WORK REQUIRED =>
Retype every entry below exactly as it stands.

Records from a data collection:
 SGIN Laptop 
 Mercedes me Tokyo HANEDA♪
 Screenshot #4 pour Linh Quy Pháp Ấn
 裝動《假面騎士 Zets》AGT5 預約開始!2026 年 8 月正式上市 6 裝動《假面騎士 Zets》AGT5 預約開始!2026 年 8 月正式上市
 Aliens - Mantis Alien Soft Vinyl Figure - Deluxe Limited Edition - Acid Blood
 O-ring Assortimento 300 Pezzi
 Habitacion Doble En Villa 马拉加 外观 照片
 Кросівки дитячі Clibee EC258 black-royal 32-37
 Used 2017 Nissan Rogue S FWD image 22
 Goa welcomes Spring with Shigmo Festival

RESULT =>
 SGIN Laptop 
 Mercedes me Tokyo HANEDA♪
 Screenshot #4 pour Linh Quy Pháp Ấn
 裝動《假面騎士 Zets》AGT5 預約開始!2026 年 8 月正式上市 6 裝動《假面騎士 Zets》AGT5 預約開始!2026 年 8 月正式上市
 Aliens - Mantis Alien Soft Vinyl Figure - Deluxe Limited Edition - Acid Blood
 O-ring Assortimento 300 Pezzi
 Habitacion Doble En Villa 马拉加 外观 照片
 Кросівки дитячі Clibee EC258 black-royal 32-37
 Used 2017 Nissan Rogue S FWD image 22
 Goa welcomes Spring with Shigmo Festival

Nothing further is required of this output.